> Exercise material:
____________

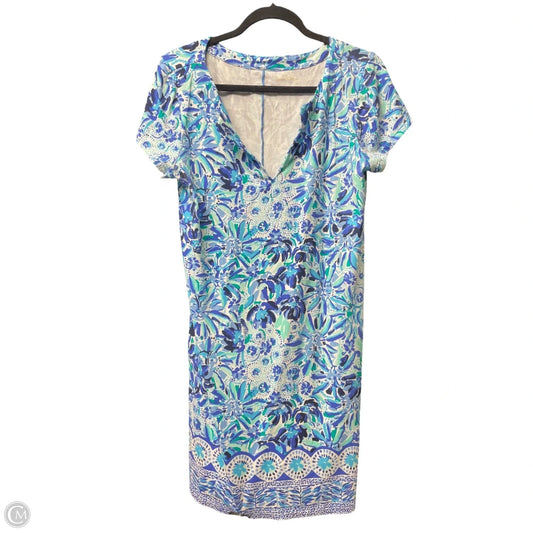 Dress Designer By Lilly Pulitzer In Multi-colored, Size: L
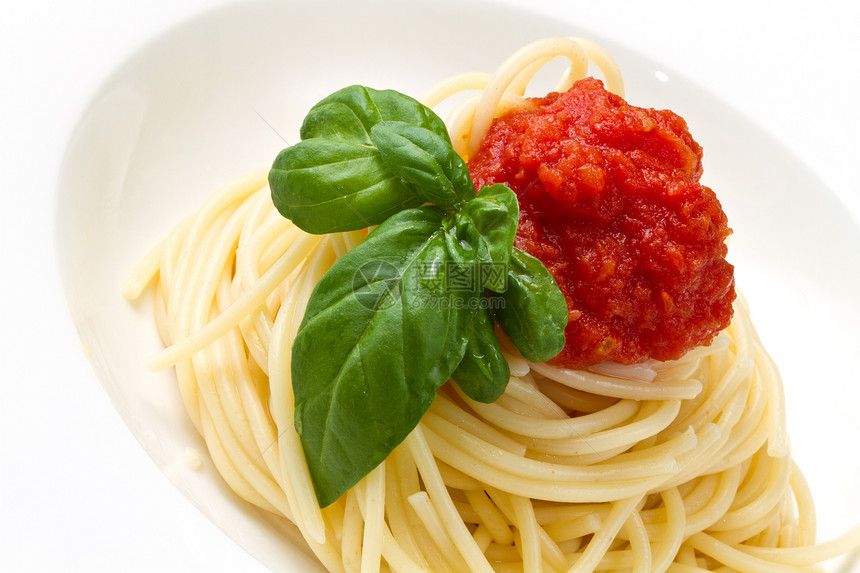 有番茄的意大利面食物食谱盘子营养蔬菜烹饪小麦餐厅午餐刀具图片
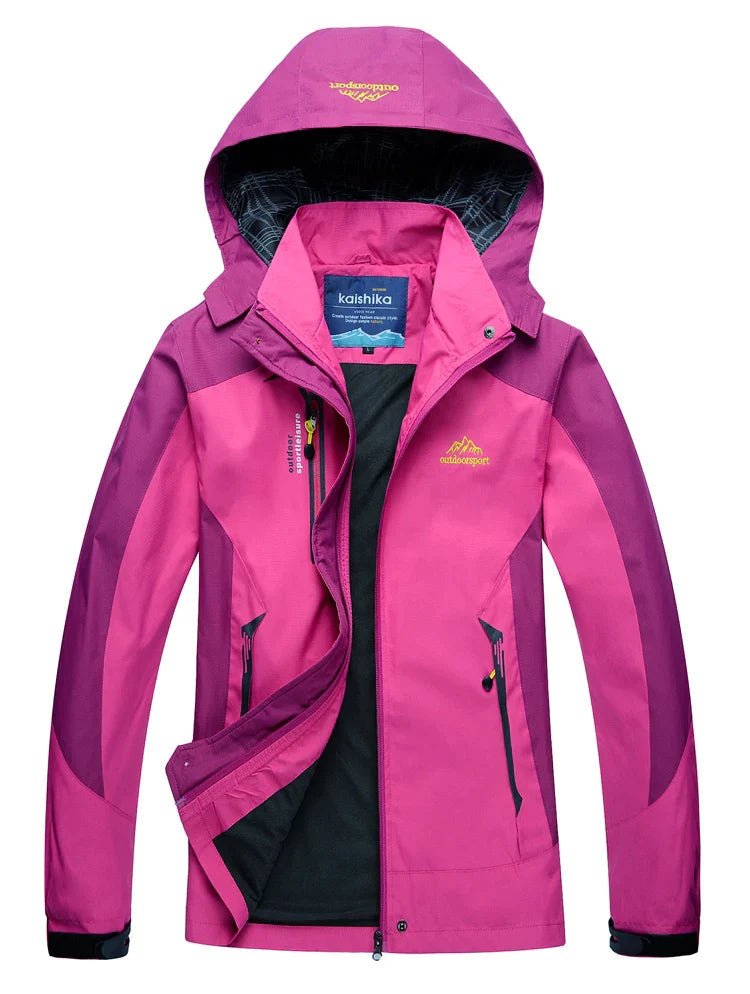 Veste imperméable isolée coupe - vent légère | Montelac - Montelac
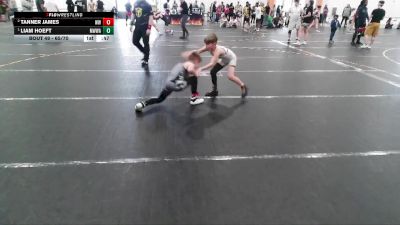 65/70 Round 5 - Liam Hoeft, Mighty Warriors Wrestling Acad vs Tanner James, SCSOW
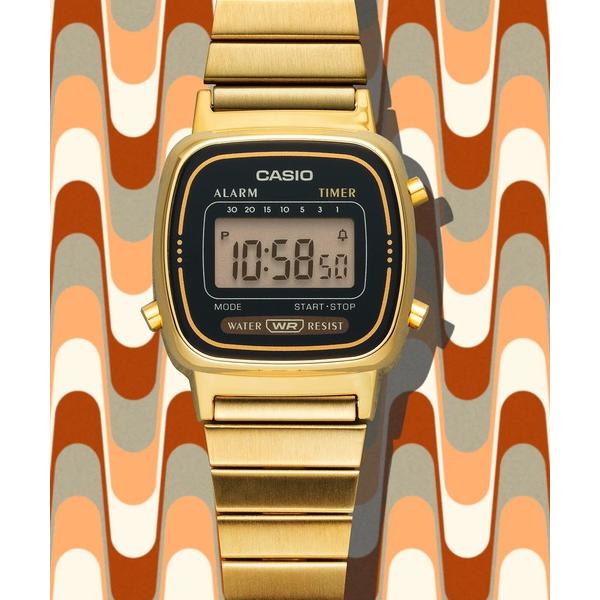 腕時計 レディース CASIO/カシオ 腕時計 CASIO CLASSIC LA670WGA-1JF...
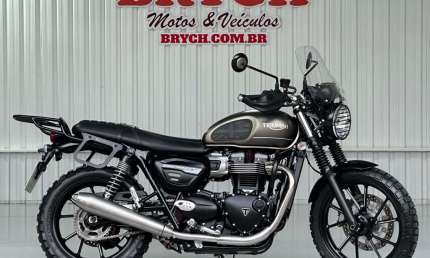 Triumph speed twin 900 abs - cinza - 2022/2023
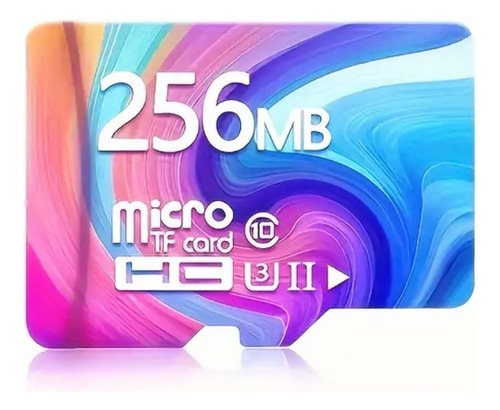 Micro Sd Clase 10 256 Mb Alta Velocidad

____________

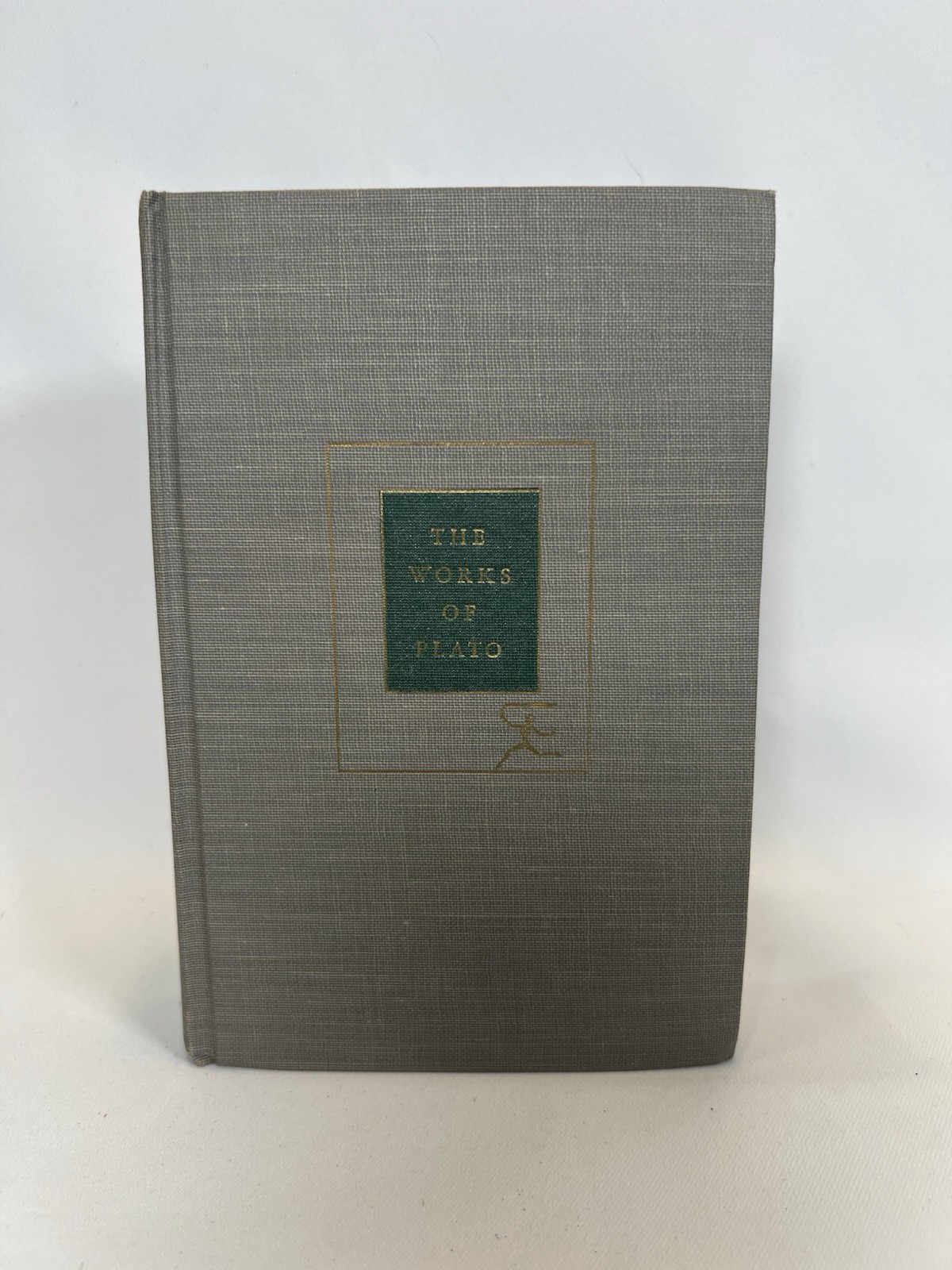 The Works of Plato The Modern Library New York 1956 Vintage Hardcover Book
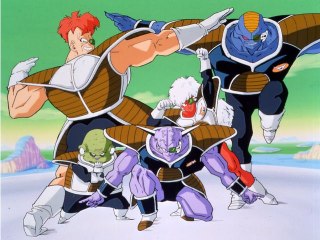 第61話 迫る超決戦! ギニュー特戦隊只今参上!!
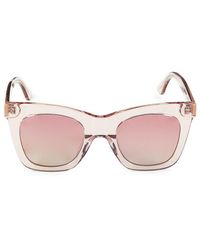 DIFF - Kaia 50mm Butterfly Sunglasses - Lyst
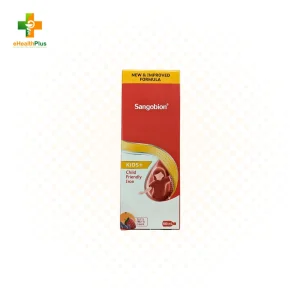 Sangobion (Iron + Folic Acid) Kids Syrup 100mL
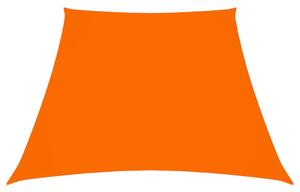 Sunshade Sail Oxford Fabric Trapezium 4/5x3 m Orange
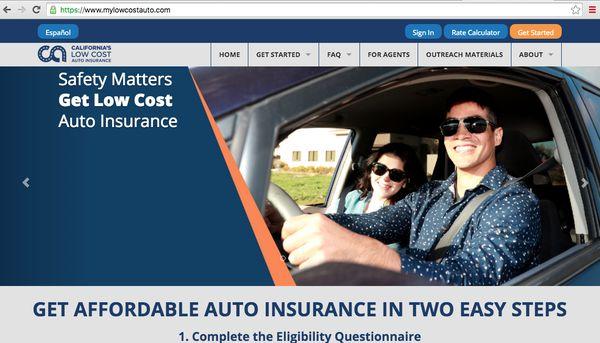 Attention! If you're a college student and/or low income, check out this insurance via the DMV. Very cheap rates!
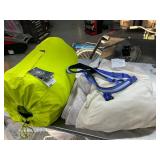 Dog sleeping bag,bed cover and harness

____________

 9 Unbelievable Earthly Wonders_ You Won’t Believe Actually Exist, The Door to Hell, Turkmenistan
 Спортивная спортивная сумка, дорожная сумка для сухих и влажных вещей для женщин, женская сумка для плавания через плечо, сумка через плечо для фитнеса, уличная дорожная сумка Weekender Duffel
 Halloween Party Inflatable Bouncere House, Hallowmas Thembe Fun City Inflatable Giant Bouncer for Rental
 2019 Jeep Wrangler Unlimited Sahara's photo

____________

> Your objective: Your answer is the exact run of lines above from the one with "Sunshade Sail Oxford" through the one with "Dog sleeping bag,bed cover and harness", both ends included, minus any picture.

> Task answer:
 Sunshade Sail Oxford Fabric Trapezium 4/5x3 m Orange
 Attention! If you're a college student and/or low income, check out this insurance via the DMV. Very cheap rates!
 Dog sleeping bag,bed cover and harness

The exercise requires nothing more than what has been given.